MATERIAL PROVIDED:
BEGIN
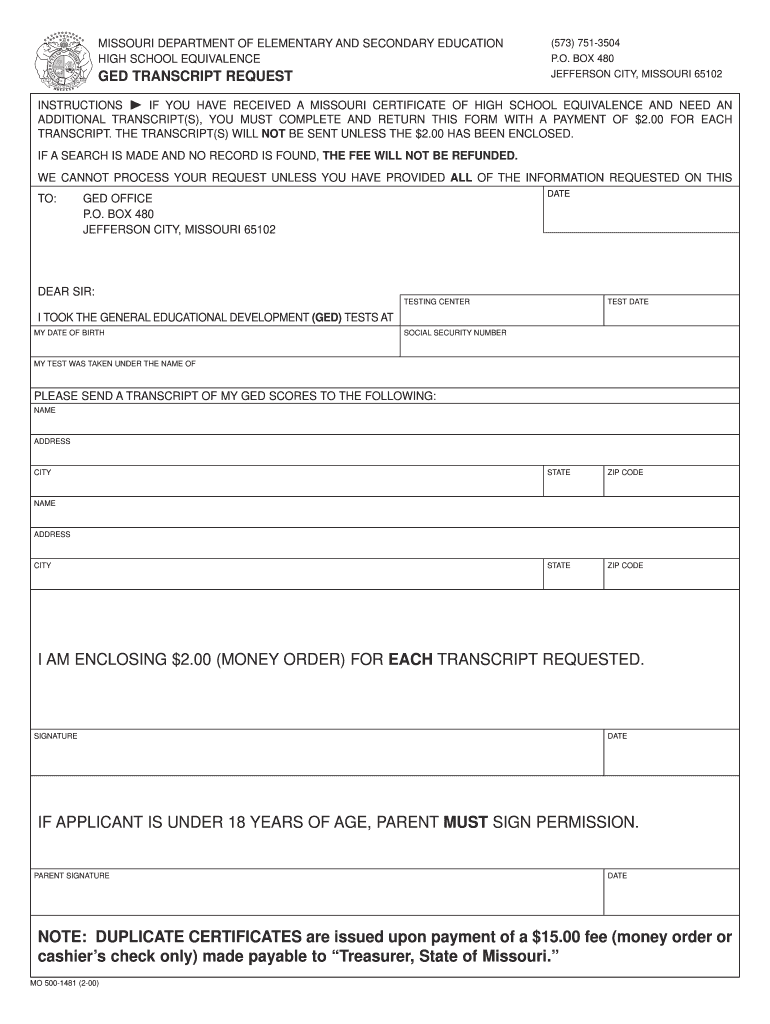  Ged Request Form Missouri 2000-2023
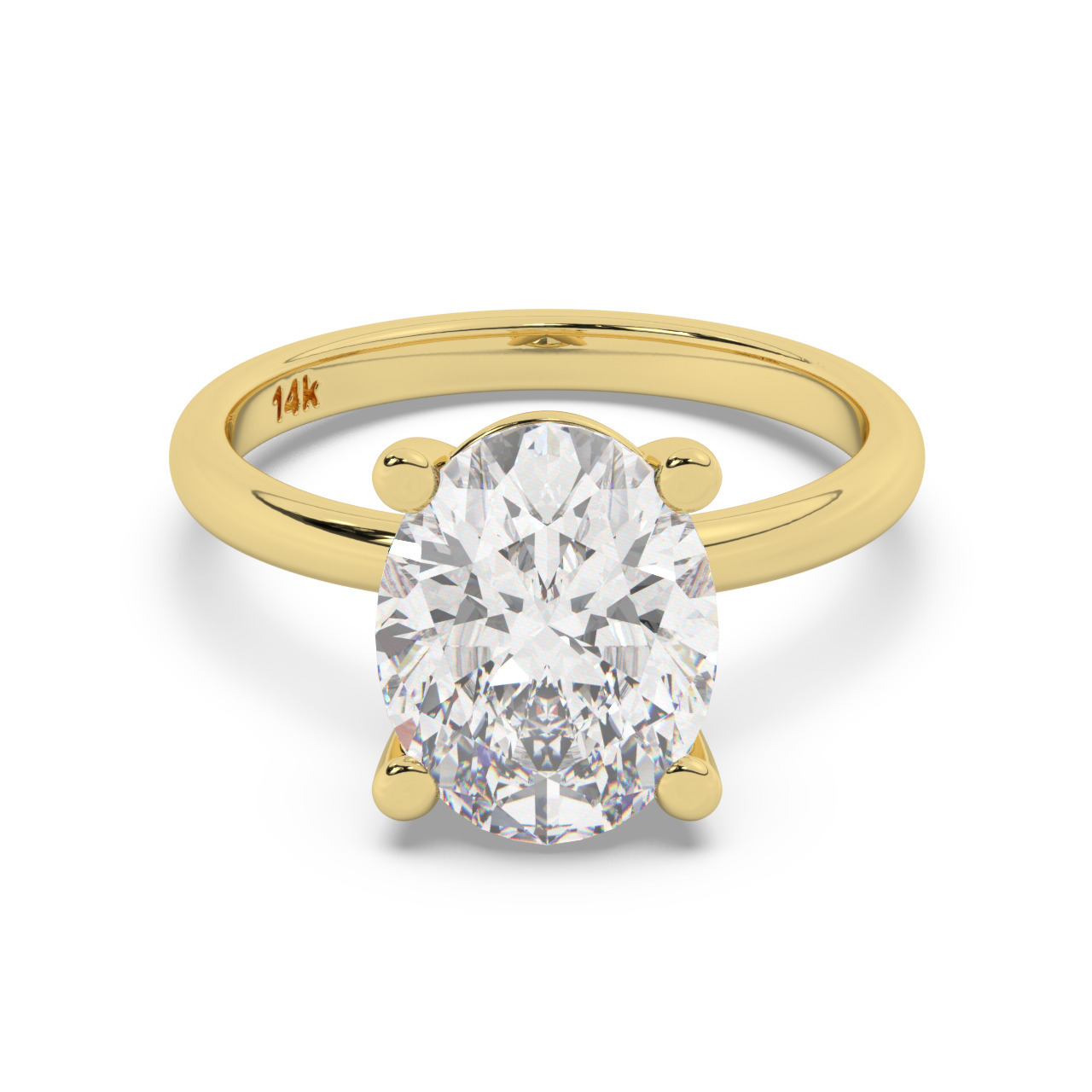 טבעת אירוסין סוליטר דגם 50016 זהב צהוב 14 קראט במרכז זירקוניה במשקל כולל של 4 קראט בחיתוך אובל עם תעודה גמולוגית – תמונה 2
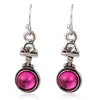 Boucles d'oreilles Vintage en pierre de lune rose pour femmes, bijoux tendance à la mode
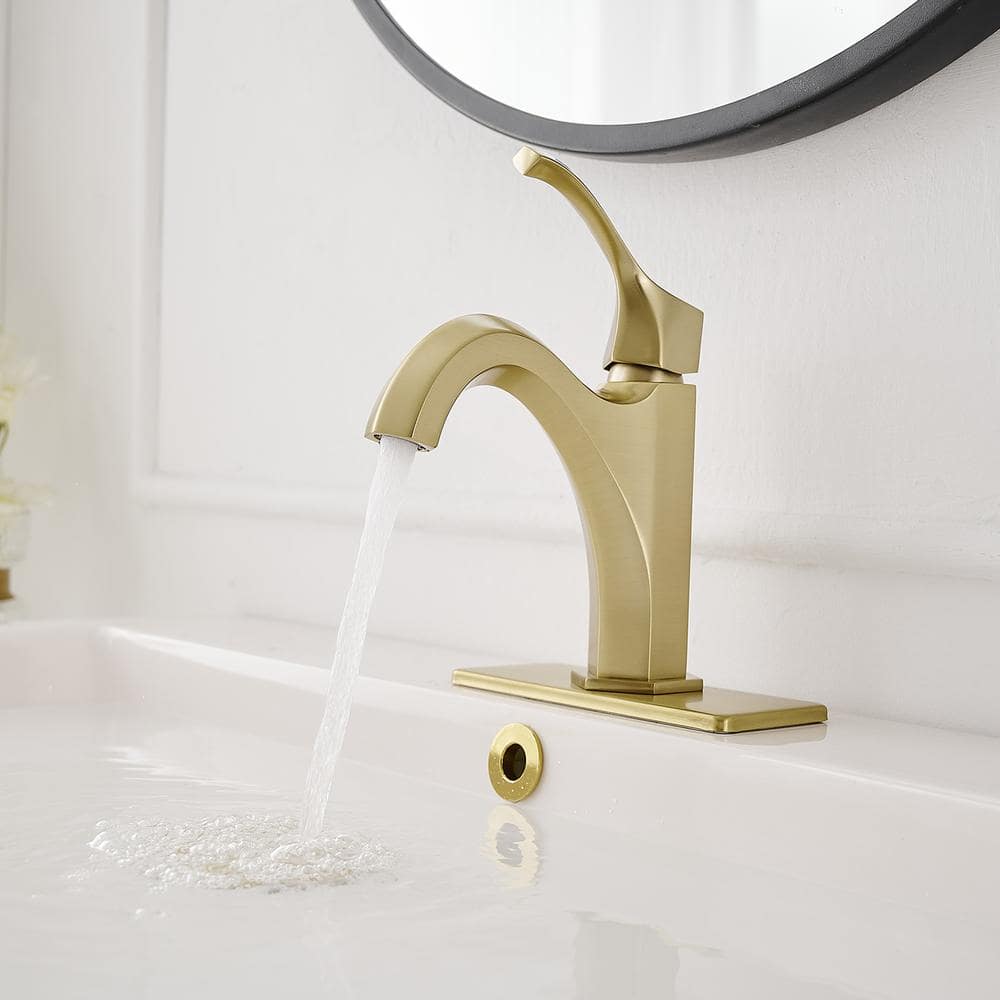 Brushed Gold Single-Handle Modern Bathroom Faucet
END
BEGIN
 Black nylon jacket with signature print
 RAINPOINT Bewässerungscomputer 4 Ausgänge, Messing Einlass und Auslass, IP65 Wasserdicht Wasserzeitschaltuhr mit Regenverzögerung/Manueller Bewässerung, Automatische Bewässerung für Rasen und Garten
END
WHAT NEEDS TO BE DONE: When you reach the line that has "טבעת אירוסין סוליטר" in the data above, start repeating lines exactly, and stop after the line that has "Brushed Gold Single-Handle"; pictures stay out.

OUTPUT:
 טבעת אירוסין סוליטר דגם 50016 זהב צהוב 14 קראט במרכז זירקוניה במשקל כולל של 4 קראט בחיתוך אובל עם תעודה גמולוגית – תמונה 2
 Boucles d'oreilles Vintage en pierre de lune rose pour femmes, bijoux tendance à la mode
 Brushed Gold Single-Handle Modern Bathroom Faucet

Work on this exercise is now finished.